MOSCOW (Reuters) -The head of the United Nations nuclear watchdog said intense military activity had prompted the cancellation on Wednesday of a rotation of a mission by monitors at the Russian-held Zaporizhzhia nuclear power plant in southern Ukraine.
Rafael Grossi, director general of the International Atomic Energy Agency, did not apportion blame for the disruption, but said his agency’s staff should not be subjected to such a situation.
Russia and Ukraine blamed each other for the cancelled rotation.

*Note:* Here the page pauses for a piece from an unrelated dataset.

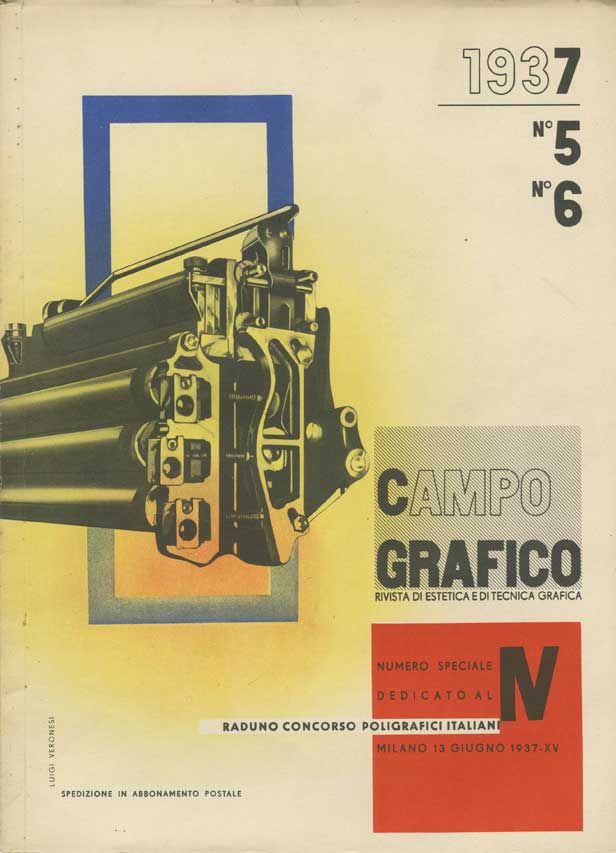 ​Year V Nr. 5 / 6 May / June 1937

“I deeply regret today’s cancellation of the carefully prepared and agreed rotation of our staff, who are carrying out vital work in very challenging circumstances to help prevent a nuclear accident during the military conflict,” Grossi said in a statement on the IAEA website.
“It is completely unacceptable that the safety of our staff is jeopardized in this way.”

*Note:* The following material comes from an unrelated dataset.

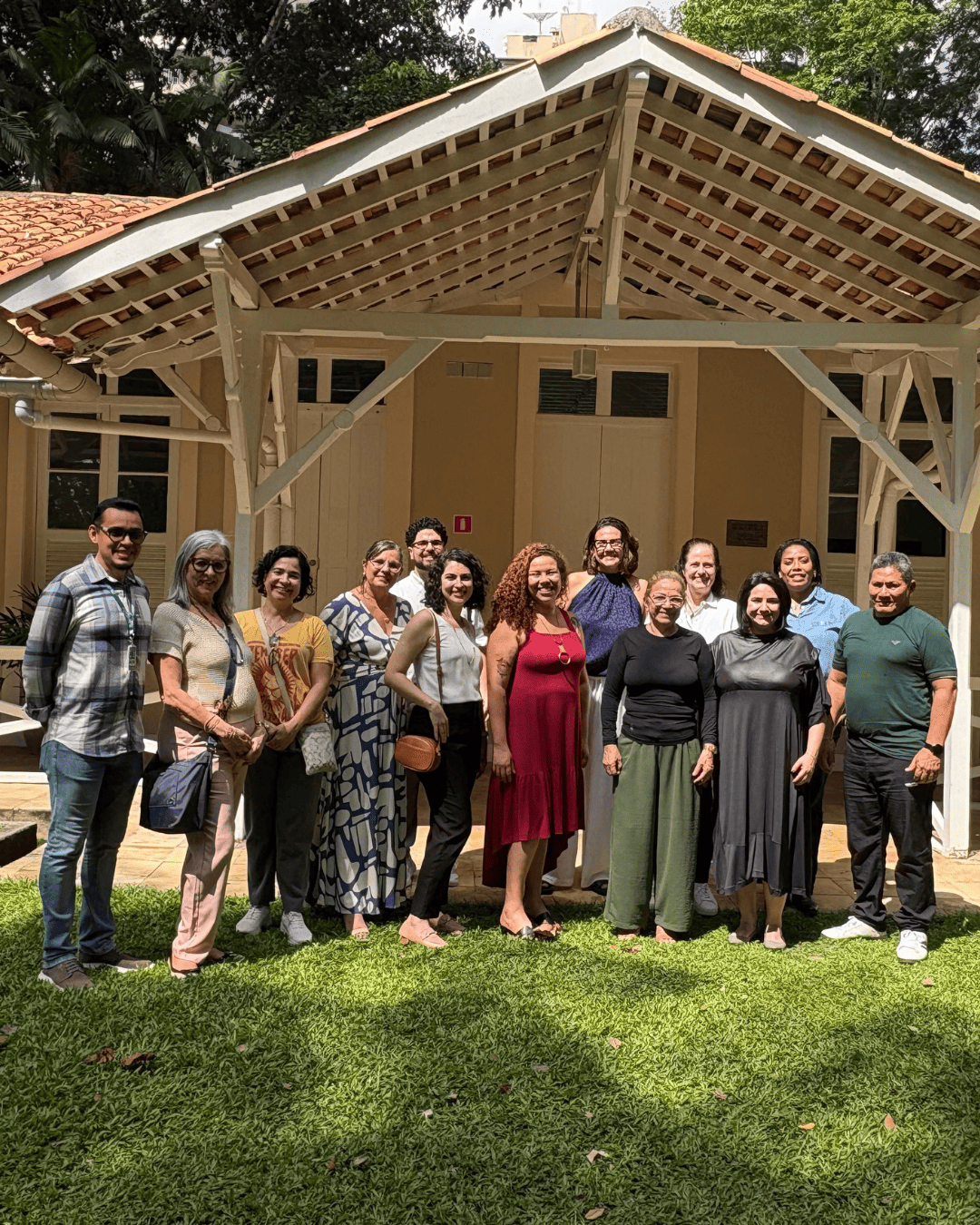 IMG- Sob a coordenação do Ibict, Rede de Bibliotecas das Unidades de Pesquisa do MCTI realiza sua 7ª Reunião e Seminário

Grossi said he would consult with both sides to ensure monitors could proceed with their mission and uphold nuclear safety.

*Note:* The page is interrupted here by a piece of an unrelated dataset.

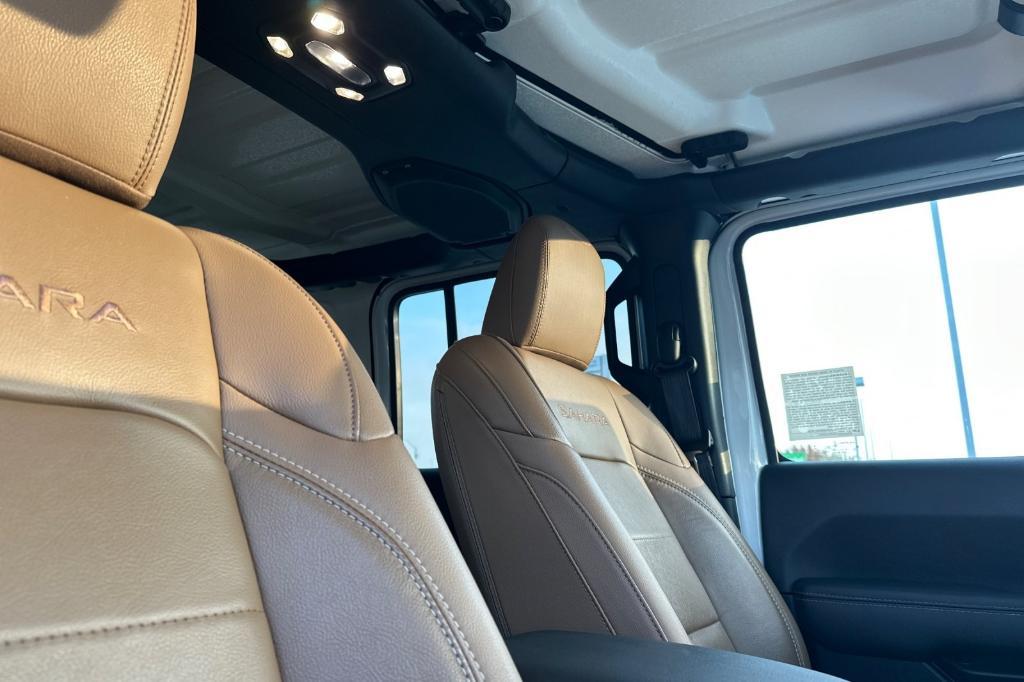 used 2022 Jeep Wrangler Unlimited 4xe car, priced at $33,451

Russia accused Ukraine of engaging in “provocations” to disrupt the rotation.
The Russia-installed governor of the region, Yevgeny Balitsky, had accused Ukraine of launching a drone attack on Enerhodar, the city nearest the plant, where many of its employees live. He said drone debris had landed within 300 metres (984.25 ft) of one of the plant’s reactors.
A spokesperson for Ukraine’s Foreign Ministry, Heorhii Tykhyi, said Russia had deliberately disrupted the rotation, a tactic he said had been used before.
“(Russia) gives vague signals of its supposed readiness to guarantee safe passage, but an hour before the start of the rotation it opens fire or starts hostilities in the area,” Tykhyi said.
Russia seized the Zaporizhzhia plant, Europe’s largest with six reactors, in the early weeks of Russia’s February 2022 invasion of Ukraine.
Each side has since routinely accused the other of staging attacks around the plant and risking a nuclear accident.
The IAEA has stationed monitors at the station since September 2022 and maintains a presence at all of Ukraine’s nuclear facilities.